* _Task instructions_
Exclude the images, then return every line below exactly as written.

* _Data extract_
==*==
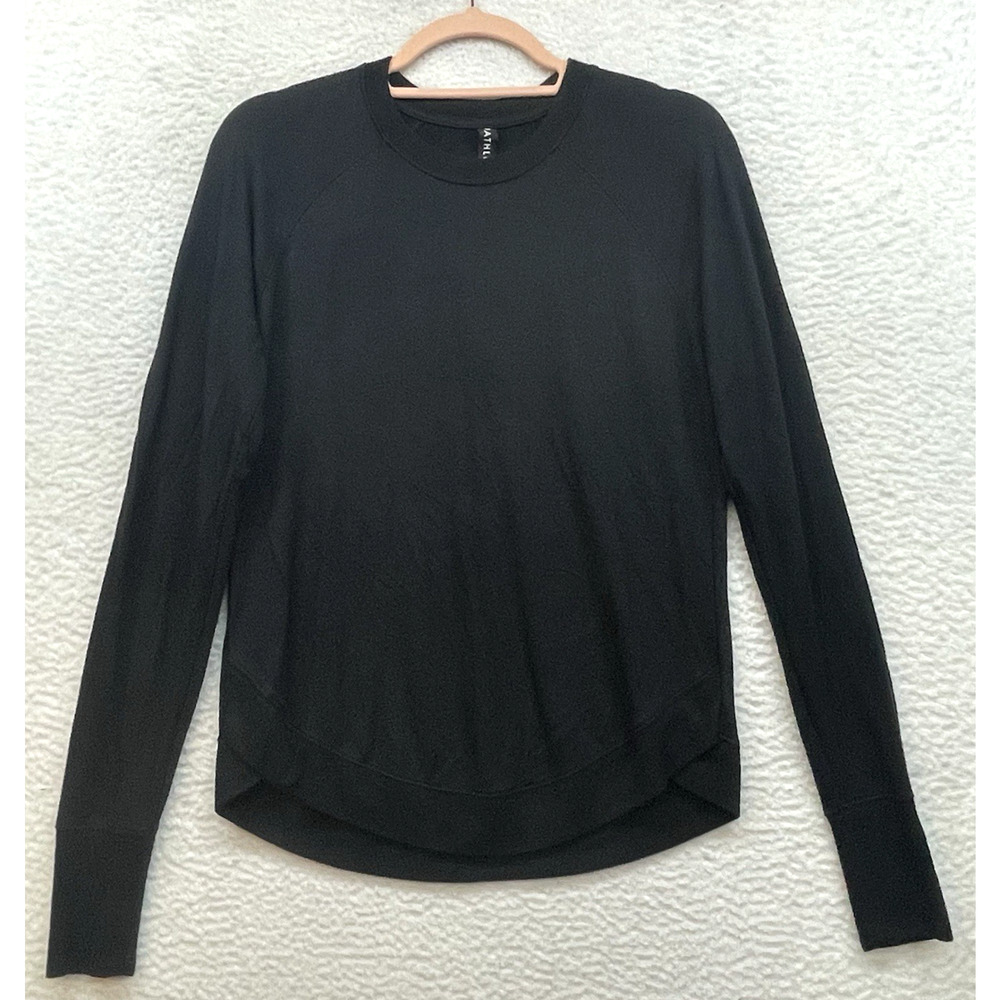 Athleta Sweatshirt Womens XS Black Mindset Crew Gym Workout Lounge Knit Outdoor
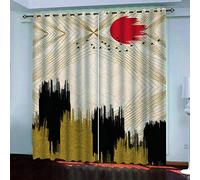 MAYNUO Rideaux Enfants pour Chambre 3D Art Abstrait Doré Et Noir Occultant À Oeillets Rideau Anti Froid Thermique Isolant À Motif 140x160 Cm Occultants Isolant Thermiques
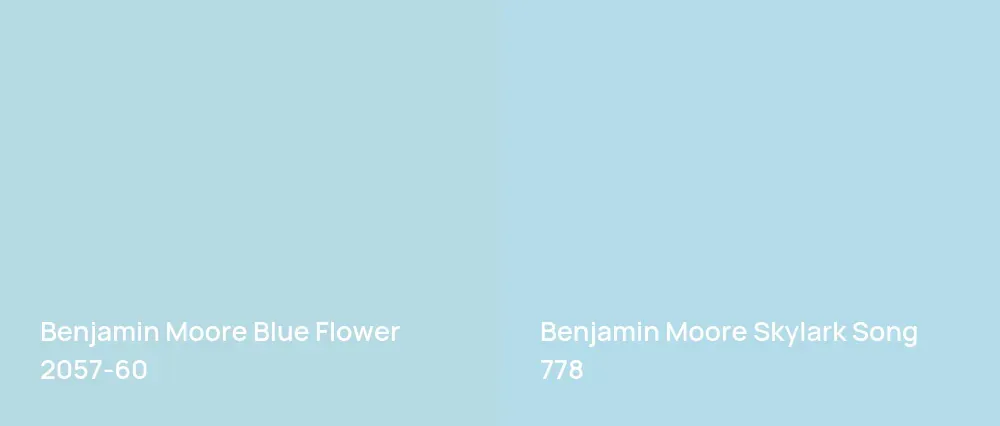 Benjamin Moore Blue Flower 2057-60 vs Benjamin Moore Skylark Song 778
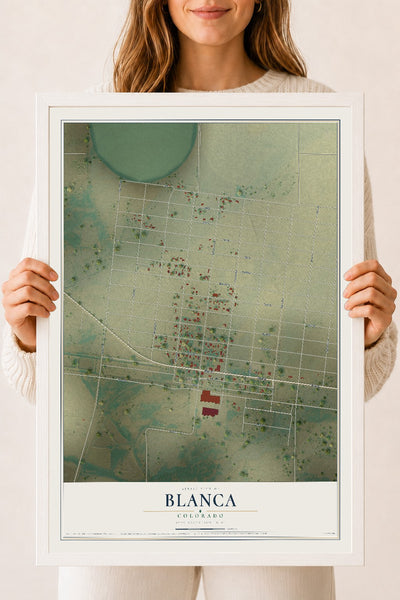 Map of Blanca, Colorado, 18 x 24 inch print in a white wood frame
==*==
* _Solution below_
 Athleta Sweatshirt Womens XS Black Mindset Crew Gym Workout Lounge Knit Outdoor
 MAYNUO Rideaux Enfants pour Chambre 3D Art Abstrait Doré Et Noir Occultant À Oeillets Rideau Anti Froid Thermique Isolant À Motif 140x160 Cm Occultants Isolant Thermiques
 Benjamin Moore Blue Flower 2057-60 vs Benjamin Moore Skylark Song 778
 Map of Blanca, Colorado, 18 x 24 inch print in a white wood frame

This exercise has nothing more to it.